The advantages over a simple malloc are:
1) You can change between GC allocation, malloc, mmap and other allocators by changing a single line, instead of changing every throw;
2) you can use very fast allocators, based on your needs; this example uses the Region allocator, which is way faster than a call to malloc;
3) the Region allocator has the added value of working even if there's no more memory available (because it preallocated it).

In general, the allocators library provides facilities that may seem overkill for simple tasks (and in fact they are), but prove very flexible and useful for advanced uses, or to write generic highly customizable code.
Of course, being experimental, this library has still some issues...

On Wednesday, 13 July 2016 at 20:57:49 UTC, Lodovico Giaretta wrote:
> On Wednesday, 13 July 2016 at 20:44:52 UTC, Adam Sansier wrote:
>> On Wednesday, 13 July 2016 at 16:28:23 UTC, Lodovico Giaretta wrote:
>>>
>>> It's actually quite easy. Here's the code (untested):
>>>
>>> ================================================================
>>>
>>> import std.experimental.allocator.building_blocks.region;
>>> import std.experimental.allocator.mallocator;
>>> import std.experimental.allocator;
>>>
>>>
>>> Region(shared(Mallocator)) exception_allocator;
>>> enum EXCEPTION_MEM_SIZE = 256*1024;
>>> static this()
>>> {
>>>     exception_allocator = typeof(exception_allocator)(EXCEPTION_MEM_SIZE);
>>> }
>>>
>>> ================================================================
>>>
>>> And here is an usage example (untested, too):
>>>
>>> ================================================================
>>>
>>> void throwingFunction()
>>> {
>>>     // try to do something, but fail
>>>     throw exception_allocator.make!Exception("my wonderful error message");
>>> }
>>>
>>> void throwingThrowingFunction()
>>> {
>>>     try
>>>     {
>>>         // try to call function, which fails
>>>         throwingFunction;
>>>     }
>>>     catch (Exception exc)
>>>     {
>>>         // try to recover from failure, but generate other exception (just to show chaining)
>>>         throw exception_allocator.make!Exception("I love exception chaining");
>>>     }
>>> }
>>>
>>> void main()
>>> {
>>>     try
>>>     {
>>>         // try to call function, which fails
>>>         throwingThrowingFunction;
>>>     }
>>>     catch (Exception exc)
>>>     {
>>>         // recover from failure, then deallocate the exceptions no longer needed
>>>         exception_allocator.deallocateAll;
>>>     }
>>> }
>>> ================================================================
>>
>> Doesn't work. identifier expected on shared.
>>
>> What's the difference of simply using malloc to allocate the memory and creating the exceptions their?

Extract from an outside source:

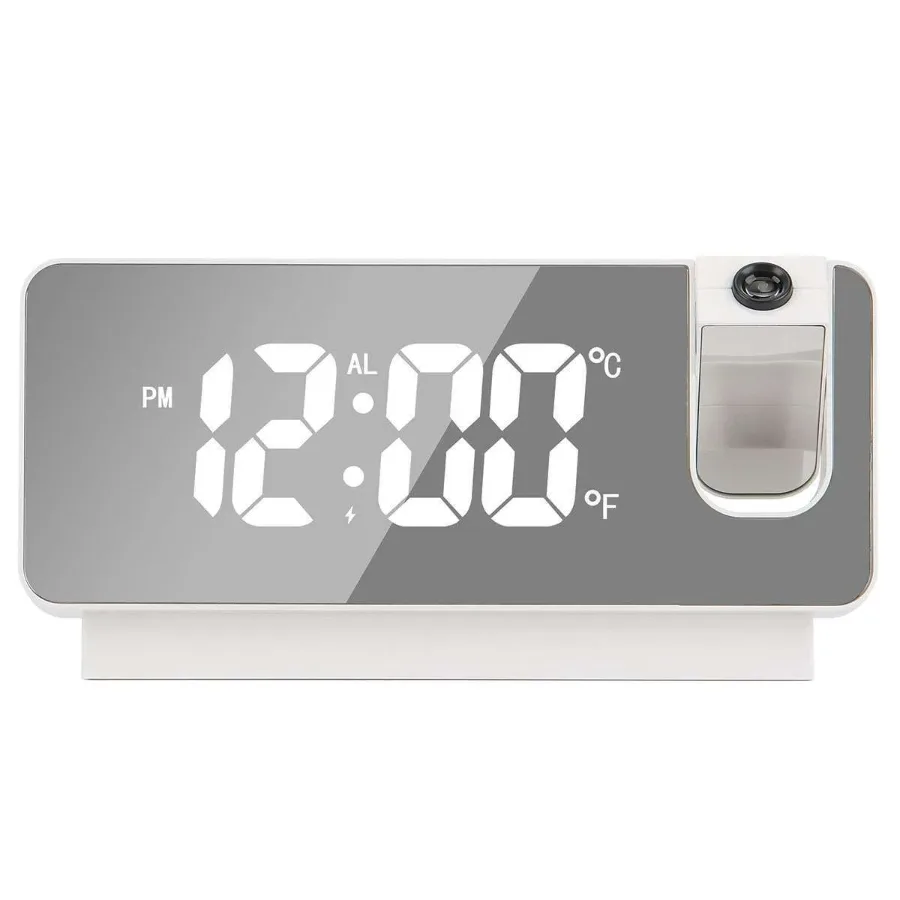 LED Digital Projector Projection Snooze Dual Alarm Clock Timer - White - White — photo 5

Seems like a long and winded way go about it or is there some benefit to using the experimental allocators?
>
> `Region(shared(Mallocator))` shall be `Region!(shared Mallocator)` (again, I'm just looking at the code, didn't test it).
>
> The advantages over a simple malloc are:
> 1) You can change between GC allocation, malloc, mmap and other allocators by changing a single line, instead of changing every throw;

Ok, I like!
> 2) you can use very fast allocators, based on your needs; this example uses the Region allocator, which is way faster than a call to malloc;

I like too! But I'll have to assume you are right since I have no proof.

> 3) the Region allocator has the added value of working even if there's no more memory available (because it preallocated it).

Well, one could do this with malloc because one can pre-allocate it too. I figure this is why you stated 2 though because it is pre-allocated? So, really only point 1 stands, but that is probably not even valid since one can wrap the allocator in a template. This is probably exactly what is being done..

So, ultimately no real benefit except the implementation details have been removed. That's not a bad thing as long as it works ;)

> In general, the allocators library provides facilities that may seem overkill for simple tasks (and in fact they are), but prove very flexible and useful for advanced uses, or to write generic highly customizable code.
> Of course, being experimental, this library has still some issues...

Well, I will try out the code and see. You've provided an example and if it works then it should be good enough in my case. If it doesn't limit what I need to do then I'm happy ;)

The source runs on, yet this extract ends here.